After exiting the boats safely in New Jersey on the opposite shore George Washington then had to march his troops nine more miles in the storm on a path known these days as Continental Lane. There is a small sign Continental Lane in New Jersey and my group walked that path, in silence, except for our footsteps of the brush crunching under walking shoes. George Washington’s men did it in freezing winds and sleet many without shoes 250 years ago.
A few interesting accounts, the first from General Washington’s inexperience twenty years earlier. George learned from his prior military lack of experience earlier in the French and Indian War, that a good leader knows when to fight and when to bug out! General Washington used his twenty years of learning from those mistakes, and now in his forties, during a fight with the British months earlier in the Revolutionary War August, 1776 during the Battle of Long Island from Patriot Fort Defiance he did exactly that, he retreated.
The British were so powerful in the early skirmish that day General Washington used the tactic of leaving the campfires burning to fool the British, and under the darkness of night and huge fog cover his men and artillery moved toward the East River this time to leave Long Island, New York.
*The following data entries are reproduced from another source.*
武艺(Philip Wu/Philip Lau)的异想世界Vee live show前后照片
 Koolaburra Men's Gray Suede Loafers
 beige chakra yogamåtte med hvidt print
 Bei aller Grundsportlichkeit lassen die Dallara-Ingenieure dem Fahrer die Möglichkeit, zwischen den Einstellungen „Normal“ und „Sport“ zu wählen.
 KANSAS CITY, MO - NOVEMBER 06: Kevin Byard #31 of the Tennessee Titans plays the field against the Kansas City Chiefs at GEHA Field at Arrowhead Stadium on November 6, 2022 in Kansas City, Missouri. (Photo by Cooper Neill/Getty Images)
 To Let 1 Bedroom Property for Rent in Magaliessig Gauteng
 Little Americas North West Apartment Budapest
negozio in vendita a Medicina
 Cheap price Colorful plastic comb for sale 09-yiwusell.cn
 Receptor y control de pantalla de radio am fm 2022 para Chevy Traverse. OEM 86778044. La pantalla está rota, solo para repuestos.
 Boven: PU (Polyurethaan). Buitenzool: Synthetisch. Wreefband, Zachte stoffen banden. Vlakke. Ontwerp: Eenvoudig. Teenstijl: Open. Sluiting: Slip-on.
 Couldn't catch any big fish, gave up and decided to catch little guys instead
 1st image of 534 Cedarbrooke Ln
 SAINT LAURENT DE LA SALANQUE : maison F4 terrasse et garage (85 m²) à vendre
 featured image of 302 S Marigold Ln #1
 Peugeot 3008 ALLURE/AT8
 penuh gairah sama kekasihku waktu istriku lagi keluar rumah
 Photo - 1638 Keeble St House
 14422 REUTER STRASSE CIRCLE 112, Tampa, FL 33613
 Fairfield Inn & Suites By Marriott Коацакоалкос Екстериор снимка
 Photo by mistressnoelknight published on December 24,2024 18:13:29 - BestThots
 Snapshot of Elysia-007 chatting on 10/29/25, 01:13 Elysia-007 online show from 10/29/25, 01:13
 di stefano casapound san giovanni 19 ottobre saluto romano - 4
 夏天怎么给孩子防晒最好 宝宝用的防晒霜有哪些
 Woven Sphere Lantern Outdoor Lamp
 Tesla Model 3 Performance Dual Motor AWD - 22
It was the strategy he would repeat on the Christmas Day Crossing of the Delaware months later only this time to attack in Trenton and win the first major battle of the Revolutionary War.
Of the three army columns he instructed to flank him during the Delaware Crossing only the one under the direct command of General Washington made it to the Battle of Trenton. Perhaps his men were inspired by their officers reading the words of Thomas Paine in those tiny rowboats. “These are the times that try men’s souls.” We know George was inspired by his wife Martha as his notes indicate he viewed her portrait while crossing the Delaware River with his men in the small rowboats. Washington also left journals indicating that Martha joined him at as many as sixty percent of the colonial war zone encampments, for lengthy stays and in support of her husband and America.